Gdańsk
Gdańsk (German: Danzig) is a Polish city and major port located on the Baltic Sea, the city has a population of 463,754 (2016). The city formed part of Prussia and Germany until 1919. Article 102 of the Treaty of Versailles established Gdańsk, although having a majority German population, as a "Free City" under the protection of the League of Nations in order to provide the newly-independent Poland with a sea port not controlled by Germany. In the late 1930s the Nazi's preponderance in the city, and of the "Polish Corridor" (Polish land separating Gdańsk and East Prussia from the rest of Germany), and Germany's proposal to annex Gdańsk while providing Poland with a permanent free port and other concessions in exchange for Germany recognizing and guaranteeing existing German-Poland frontiers, was called an aggressive posture by Germany by the then-current Polish ambassador. Soon the Polish government manoeuvred in ways seeming to try to remove League of Nations protection altogether.

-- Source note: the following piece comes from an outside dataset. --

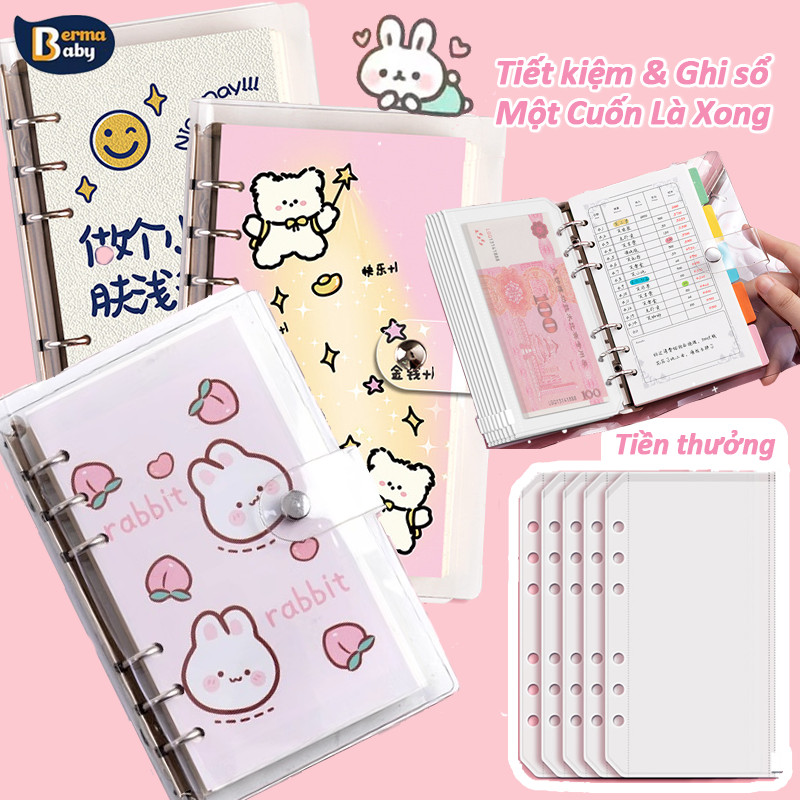 【Berma Baby】Sổ Tiết Kiệm Tiền Siêu Đáng Yêu Cho Bé & Sổ Lỗ Tháo Rời A6，Quản Lý Tài Chính Bé Yêu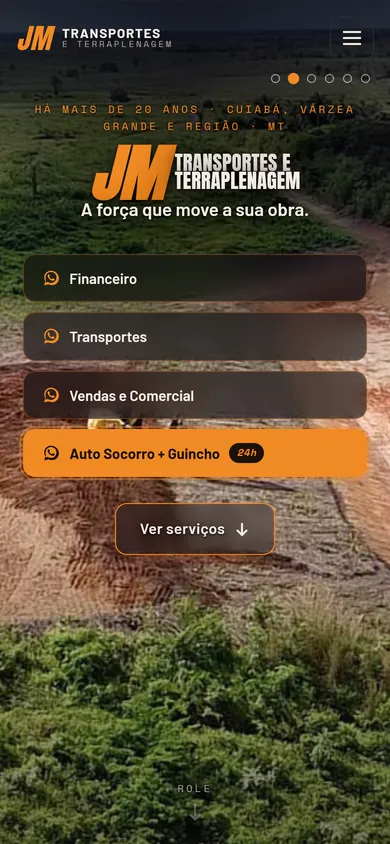 Site da JM no celular: marca JM no topo e 4 botões grandes de WhatsApp, com Auto Socorro e Guincho 24h em laranja.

The first shots of the Second World War in Europe were fired in Gdańsk, as German warships attacked a Polish garrison in the port. Following the defeat of Poland, Gdańsk was reincorporated into the Reich, but on Germany's defeat in 1945 it was ceded to Poland again.
The Old Town is the site of several significant historic structures, including St. Catherine's Church and the medieval Town Hall. The city port is a major industrial centre for shipyards, metallurgical and chemical plants, timber mills, and food-processing facilities. The Polish maritime commission was first begun there in 1568 to handle questions of defense and trade. The shipyards launched their first warship in 1572. The shipyard was also the location were in 1980 Lech Walesa founded the Solidarity trade union that was within a decade to precipitate the collapse of Communism in Poland, later Central Europe and all the rest of the Eastern Bloc (the Balkans and the Soviet Union).[1]